Brain Structure and Function volume 217pages 191–209 (2012)Cite this article

Abstract

The nucleus reuniens (RE) of the midline thalamus has been shown to strongly innervate structures of the limbic forebrain, prominently including the hippocampus (HF) and the medial prefrontal cortex (mPFC) and to exert pronounced excitatory effects on HF and mPFC. It was unknown, however, whether RE projections to, and hence actions on, the HF and mPFC originate from a common or largely separate groups of RE neurons. Using fluorescent retrograde tracing techniques, we examined the patterns of distribution of RE cells projecting to HF, to the mPFC or to both sites via axon collaterals. Specifically, injections of the retrograde tracers Fluorogold (FG) or Fluororuby (FR) were made in the mPFC and in various subfields of HF and patterns of single (FG or FR) or double labeled (FG + FR) cells in RE were determined. Pronounced numbers of (single) labeled neurons were present throughout RE with FG or FR injections, and although intermingled in RE, cells projecting to the mPFC were preferentially distributed along the midline or in the perireuniens nucleus (pRE), whereas those projecting to HF occupied a wide mediolateral cross sectional area of RE lying between cells projecting to the mPFC. Approximately, tenfold more labeled cells were present in RE with ventral compared to dorsal CA1 injections.
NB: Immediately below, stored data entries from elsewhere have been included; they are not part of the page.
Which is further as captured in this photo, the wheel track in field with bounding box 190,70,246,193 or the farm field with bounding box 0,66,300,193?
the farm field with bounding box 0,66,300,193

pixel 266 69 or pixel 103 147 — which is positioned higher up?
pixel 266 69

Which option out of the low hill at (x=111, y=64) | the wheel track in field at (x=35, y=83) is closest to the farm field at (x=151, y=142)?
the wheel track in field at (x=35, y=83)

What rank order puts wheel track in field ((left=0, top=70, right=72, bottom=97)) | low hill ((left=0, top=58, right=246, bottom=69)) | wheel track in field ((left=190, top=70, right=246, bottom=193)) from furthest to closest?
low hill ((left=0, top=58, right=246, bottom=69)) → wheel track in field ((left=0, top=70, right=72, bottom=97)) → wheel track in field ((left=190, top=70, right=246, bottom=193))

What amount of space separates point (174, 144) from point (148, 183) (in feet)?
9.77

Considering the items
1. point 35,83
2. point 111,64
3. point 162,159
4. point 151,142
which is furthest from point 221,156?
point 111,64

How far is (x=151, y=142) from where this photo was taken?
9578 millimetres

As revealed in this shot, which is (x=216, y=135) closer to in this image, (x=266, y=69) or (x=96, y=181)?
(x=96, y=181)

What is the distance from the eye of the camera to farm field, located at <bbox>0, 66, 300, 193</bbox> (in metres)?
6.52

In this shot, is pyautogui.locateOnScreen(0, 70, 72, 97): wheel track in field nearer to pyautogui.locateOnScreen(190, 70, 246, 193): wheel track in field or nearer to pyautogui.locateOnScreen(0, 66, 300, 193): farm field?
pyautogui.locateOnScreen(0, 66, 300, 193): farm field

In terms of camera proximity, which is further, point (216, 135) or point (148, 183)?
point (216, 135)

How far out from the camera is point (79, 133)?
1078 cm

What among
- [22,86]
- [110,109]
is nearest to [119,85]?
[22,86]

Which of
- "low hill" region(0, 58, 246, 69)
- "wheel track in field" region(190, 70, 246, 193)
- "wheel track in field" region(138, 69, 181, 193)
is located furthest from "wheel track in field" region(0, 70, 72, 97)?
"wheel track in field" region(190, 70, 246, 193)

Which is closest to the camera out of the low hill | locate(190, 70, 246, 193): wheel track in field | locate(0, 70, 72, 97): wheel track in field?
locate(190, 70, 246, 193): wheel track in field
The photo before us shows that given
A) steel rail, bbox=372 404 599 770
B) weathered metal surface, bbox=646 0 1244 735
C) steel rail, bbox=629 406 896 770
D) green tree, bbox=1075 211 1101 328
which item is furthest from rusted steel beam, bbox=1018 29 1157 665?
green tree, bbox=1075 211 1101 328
Like single labeled neurons, double labeled cells were found throughout RE, but were most densely concentrated in areas of greatest overlap of FG+ and FR+ neurons or mainly in the lateral one-third of RE, medial to pRE. Depending on specific combinations of injections, double labeled cells ranged from approximately 3–9% of the labeled neurons. The nucleus reuniens has been shown to be a vital link in limbic subcortical–cortical communication and recent evidence indicates a direct RE involvement in hippocampal and medial prefrontal cortical-dependent behaviors. The present findings indicate that RE is critically positioned to influence the HF and mPFC, and their associated behaviors, via separate or collateral projections to these sites.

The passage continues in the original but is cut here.